As mask mandates relax in California, it is important to continue practices that make you and your community comfortable
Sometimes it’s hard to remember a time when we did not wear masks in populated spaces. With two years passed since the start of the pandemic, grabbing a mask on our way out the door has become a part of many of our daily routines.
This could soon change with California’s latest mask mandate revision. As of March 1, California no longer requires unvaccinated individuals to wear masks in indoor public settings. Additionally, by the end of the day on March 11, masks will no longer be required by the state of California in K-12 and childcare settings. The California Department of Public Health, however, still “strongly recommends” individuals to keep wearing masks in these indoor settings even when the universal requirement ends, regardless of vaccination status.
Yolo County is aligning with these guidelines, as the mask mandate at K-12 schools and childcare facilities will switch to a strong recommendation on March 12. But some other school districts have not followed suit: San Francisco public schools announced “no changes” to their indoor mask regulations for the month of March.

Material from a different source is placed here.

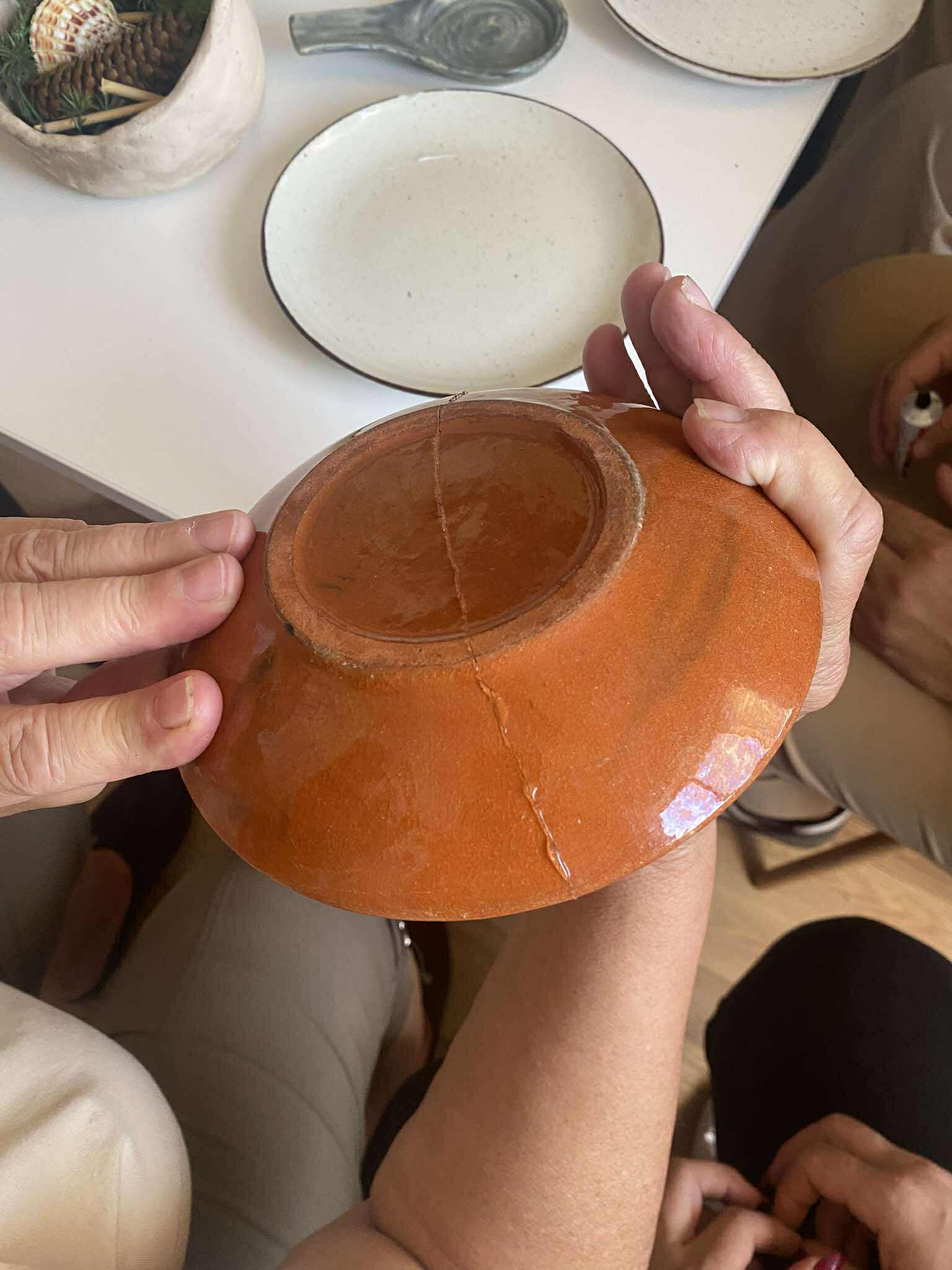 ręce kobiety formujące rzeźbę ze starej porcelany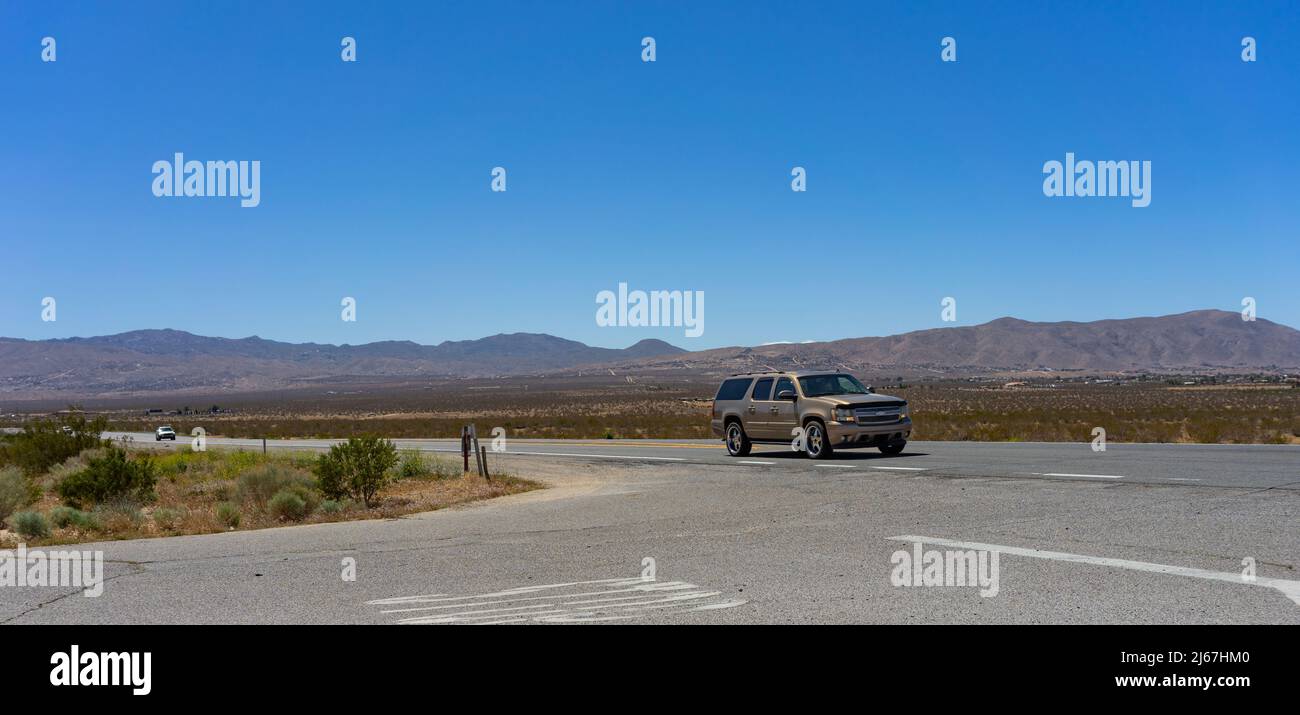 Apple Valley, CA, USA – April 20, 2022: A SUV truck traveling on State Route 18 in the Mojave Desert in Apple Valley, California. Stock Photo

UC Davis announced this week that the indoor mask mandate will be lifted for “most indoor settings” on both the Davis and Sacramento campuses on March 19. To follow federal, state and local guidelines, masks will still be required on public transit and in clinical settings. Public health officials and UC Davis still “strongly recommended” wearing masks for both vaccinated and unvaccinated individuals, and UC Davis has stated their support for anyone who wishes to continue masking indoors.
While the “maskne” benefits to ditching face coverings do sound enticing, some people are probably not quite ready to bare their naked faces once again in classrooms, grocery stores, gyms and other public places. Many have come to trust and find security in the protection that masks provide us — as proven by science.
When the majority of people in public settings are correctly and consistently wearing masks, the transmission of COVID-19 is slowed. Wearing masks, especially tight-fitting N95s and KN95s, reduces the chances of infection by 83%, according to a study published last month by the Centers for Disease Control and Prevention. It’s these benefits that make some people — including members of the Editorial Board — hesitant to forgo masks in some situations, especially indoors.
Also, this isn’t the first time that mask requirements have been removed from most indoor settings. While it’s true that circumstances are different now, let’s not forget about June 2021 when California attempted to lift indoor mask mandates to allow its economy to fully reopen. Now, almost a year later, we all remember how that went: Cases surged over the summer. A universal indoor mask mandate was reinstated six months later in Dec. 2021 when a new, extremely transmissible variant emerged in California.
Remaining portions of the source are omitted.